Dinner! lovely word in English ears, unlovely thing—hereabouts—for English palate. The beer is sure to be lukewarm, your vegetables deficient, and your meat tough, in consequence of its having lost vitality so very lately.
You must take the trouble, if you please, of personally superintending the departure of your domestics. And this you will find no easy task. The men who have charge of the carts never return with their cattle at the hour appointed, and, when at last they do, there is not a box packed, and probably half your people are wandering about the bazaar. At length, with much labour, you manage to get things somewhat in order, witness with heartfelt satisfaction the first movement of the unwieldy train, and retire to the bungalow for the purpose of getting through the evening, with the assistance of tea, and any other little “distractions” your imagination may suggest.

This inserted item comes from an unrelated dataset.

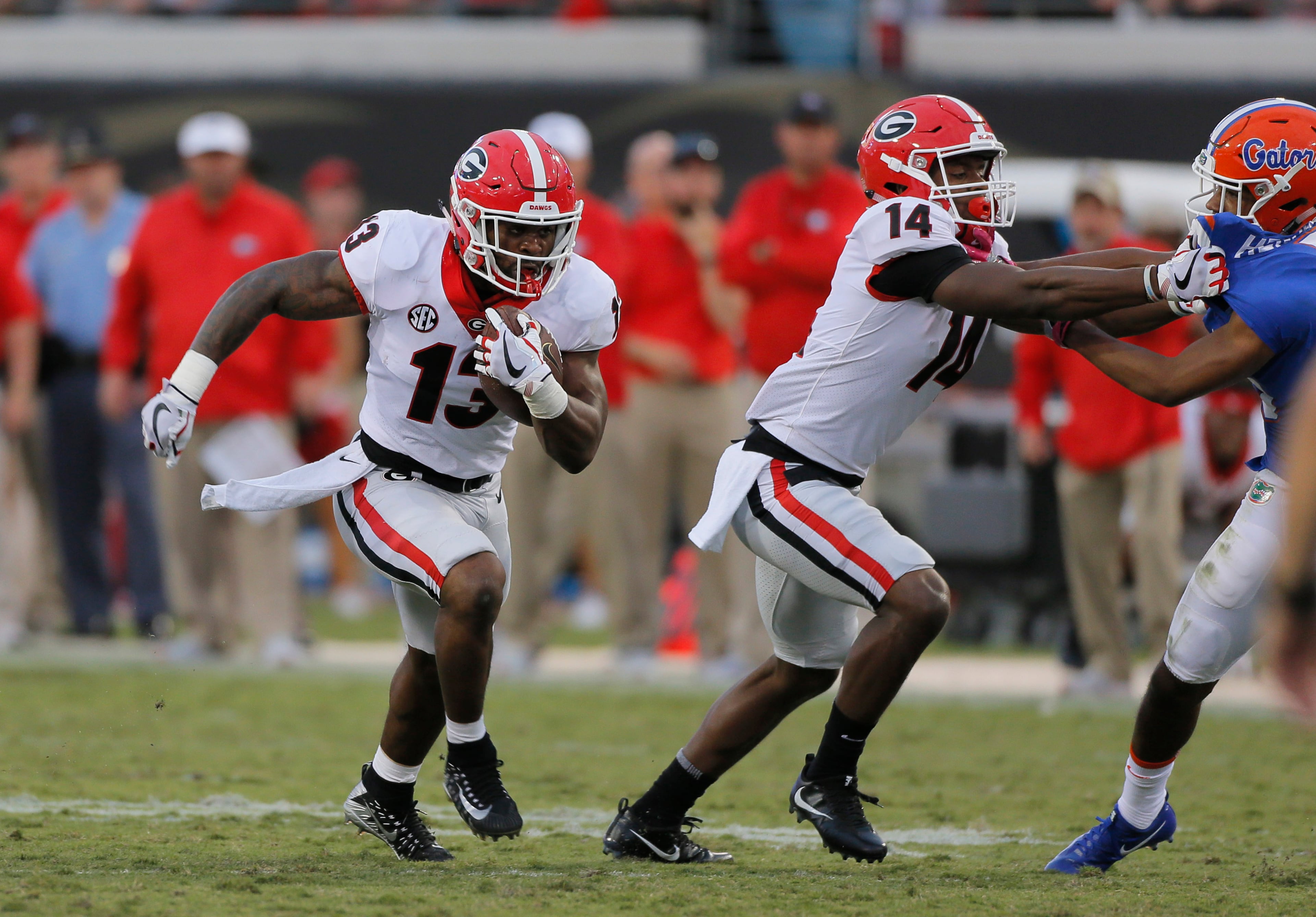 10/28/17 - Jacksonville, FL - Georgia Bulldogs running back Elijah Holyfield (13) takes off on a long second half run for a TD during the second half. NCAA football game between Georgia and Florida at EverBank Field in Jacksonville. Georgia defeated Florida 42-7. BOB ANDRES /BANDRES@AJC.COM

Before retiring to rest you might as well look to the priming and position of your pistols. Otherwise you may chance to be visited by certain animals, even more troublesome than sand-flies and white ants. A little accident of the kind happened to us at Waniacollum, a village belonging to some Nair Rajah, whose subjects are celebrated for their thievish propensities. About midnight, the soundness of our slumbers was disturbed by the uninvited presence of some half-a-dozen black gentry, who were gliding about the room with the stealthy tread of so many wild cats in purissimis naturalibus, with the exception of an outside coating of cocoanut oil. One individual had taken up a position close to our bedside, with so very long a knife so very near our jugular region, that we judged it inexpedient in the extreme to excite him by any display of activity; so, closing our eyes, we slept heavily till our visitors thought proper to depart.